Below are the records; give again exactly the line with "bridal bouquet of", the line with "Conceptual composition of", and each line that lies between them, and nothing besides.

- **DATASET EXCERPTS**
• • • • •

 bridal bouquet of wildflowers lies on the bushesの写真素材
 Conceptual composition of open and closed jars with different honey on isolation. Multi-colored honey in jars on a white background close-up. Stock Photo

• • • • •

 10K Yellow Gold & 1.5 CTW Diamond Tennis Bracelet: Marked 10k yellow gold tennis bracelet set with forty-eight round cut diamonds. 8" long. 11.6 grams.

• • • • •

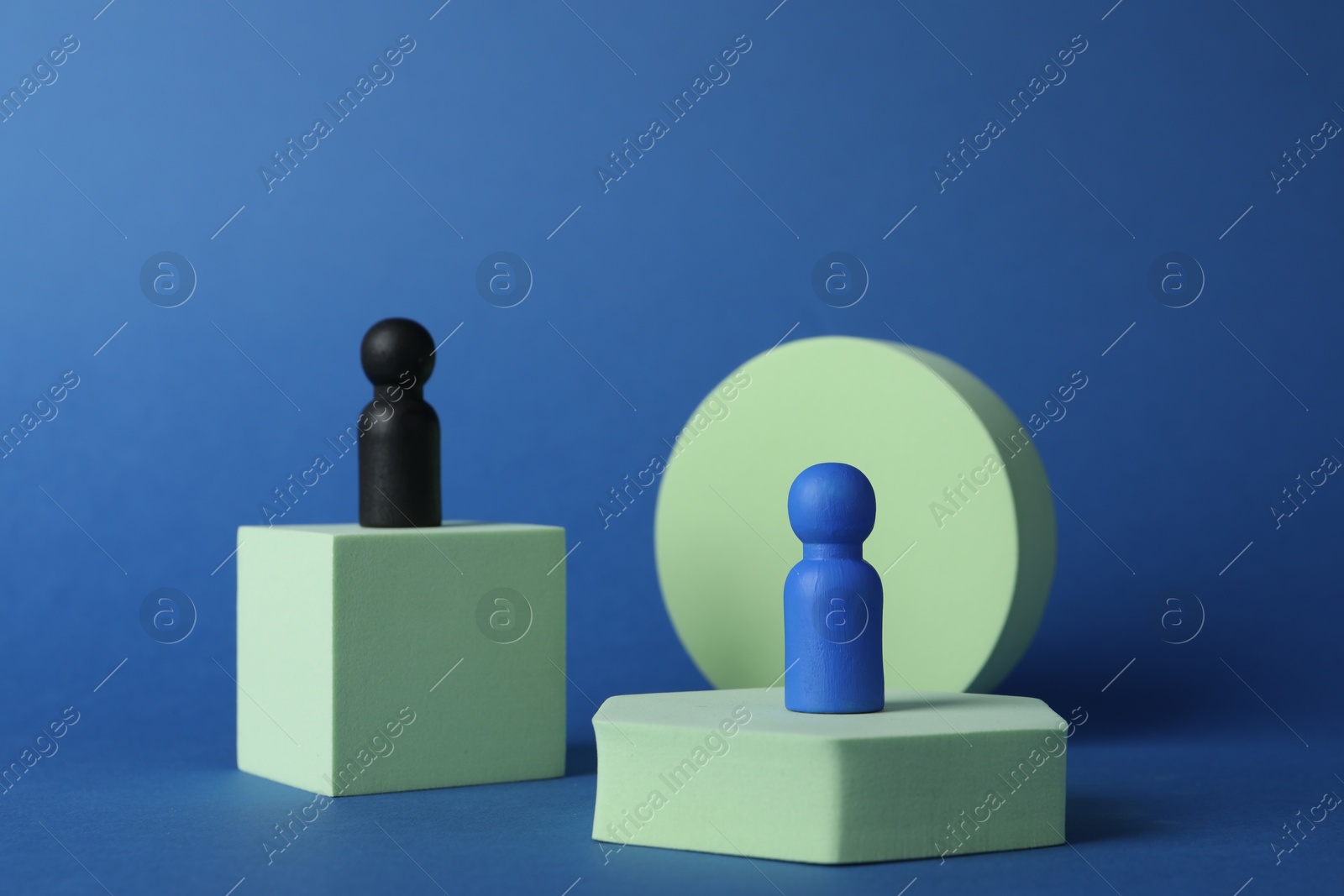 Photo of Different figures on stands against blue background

• • • • •

- **COMPLETED EXERCISE**
 bridal bouquet of wildflowers lies on the bushesの写真素材
 Conceptual composition of open and closed jars with different honey on isolation. Multi-colored honey in jars on a white background close-up. Stock Photo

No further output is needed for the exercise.